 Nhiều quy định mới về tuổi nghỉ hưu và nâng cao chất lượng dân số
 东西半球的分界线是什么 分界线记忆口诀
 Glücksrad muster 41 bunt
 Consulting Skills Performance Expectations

━━━━━━━━━━━━━━━━━━━━

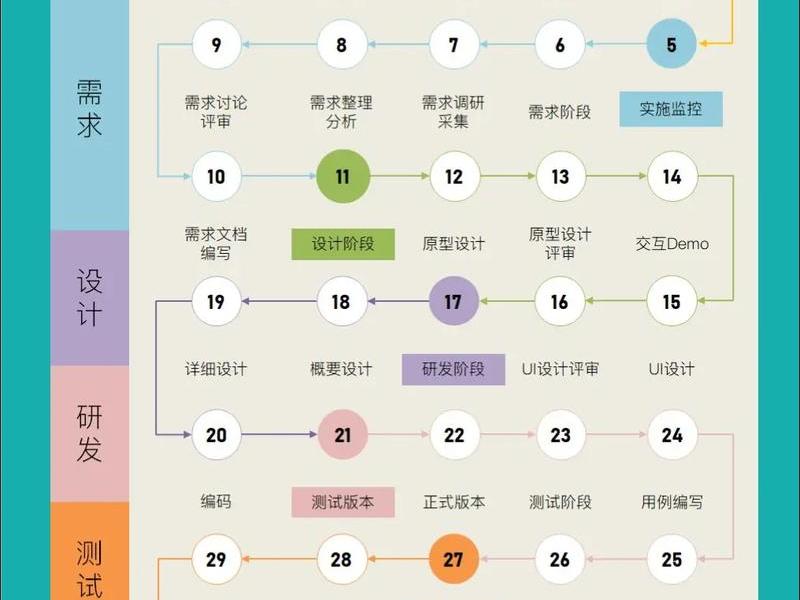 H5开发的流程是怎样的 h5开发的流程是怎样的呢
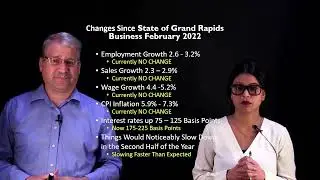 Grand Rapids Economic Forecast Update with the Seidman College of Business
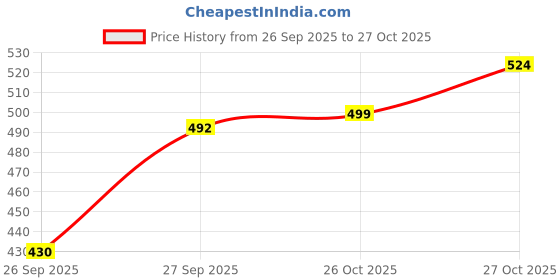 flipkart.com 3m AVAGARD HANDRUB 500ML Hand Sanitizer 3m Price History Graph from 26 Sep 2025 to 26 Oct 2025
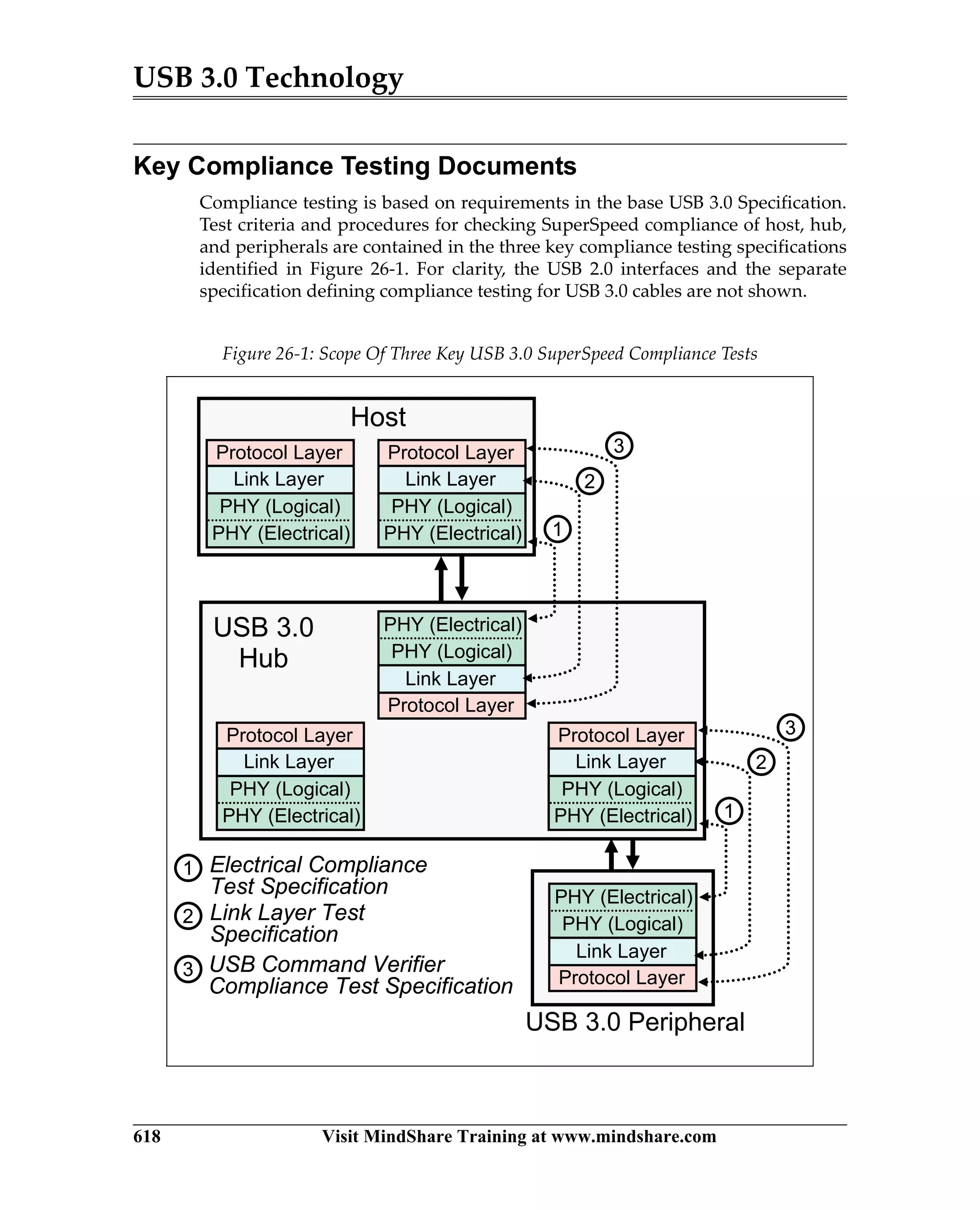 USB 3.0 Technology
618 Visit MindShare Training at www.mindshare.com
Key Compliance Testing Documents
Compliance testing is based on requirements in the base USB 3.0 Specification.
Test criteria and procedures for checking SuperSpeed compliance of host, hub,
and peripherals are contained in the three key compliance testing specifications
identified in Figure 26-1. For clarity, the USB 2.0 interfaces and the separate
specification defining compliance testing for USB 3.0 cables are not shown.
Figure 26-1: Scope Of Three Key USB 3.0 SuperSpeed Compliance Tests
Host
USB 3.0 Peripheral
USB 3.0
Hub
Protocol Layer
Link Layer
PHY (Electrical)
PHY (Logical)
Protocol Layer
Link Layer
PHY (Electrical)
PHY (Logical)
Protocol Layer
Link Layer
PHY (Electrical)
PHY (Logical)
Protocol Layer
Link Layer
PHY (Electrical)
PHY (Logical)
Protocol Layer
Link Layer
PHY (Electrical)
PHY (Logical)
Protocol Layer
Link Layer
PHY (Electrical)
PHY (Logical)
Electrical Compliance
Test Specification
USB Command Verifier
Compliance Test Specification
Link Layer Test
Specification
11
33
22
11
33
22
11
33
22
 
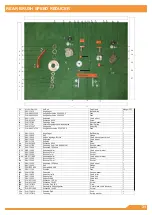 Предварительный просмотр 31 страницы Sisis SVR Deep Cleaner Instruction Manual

━━━━━━━━━━━━━━━━━━━━

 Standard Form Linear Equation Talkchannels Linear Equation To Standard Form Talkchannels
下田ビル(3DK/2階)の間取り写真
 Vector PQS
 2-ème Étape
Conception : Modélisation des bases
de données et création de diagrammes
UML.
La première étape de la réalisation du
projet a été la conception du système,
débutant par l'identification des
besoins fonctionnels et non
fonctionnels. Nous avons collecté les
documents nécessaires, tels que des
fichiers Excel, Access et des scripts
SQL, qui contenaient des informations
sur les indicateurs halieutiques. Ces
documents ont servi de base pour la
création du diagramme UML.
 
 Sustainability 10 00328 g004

━━━━━━━━━━━━━━━━━━━━

▸ **YOUR ASSIGNMENT**:
Look through the entries above and quote exactly the lines from the line with "Nhiều quy định" to the line with "Consulting Skills Performance Expectations", counting both of those lines.

▸ **YOUR RESPONSE**:
 Nhiều quy định mới về tuổi nghỉ hưu và nâng cao chất lượng dân số
 东西半球的分界线是什么 分界线记忆口诀
 Glücksrad muster 41 bunt
 Consulting Skills Performance Expectations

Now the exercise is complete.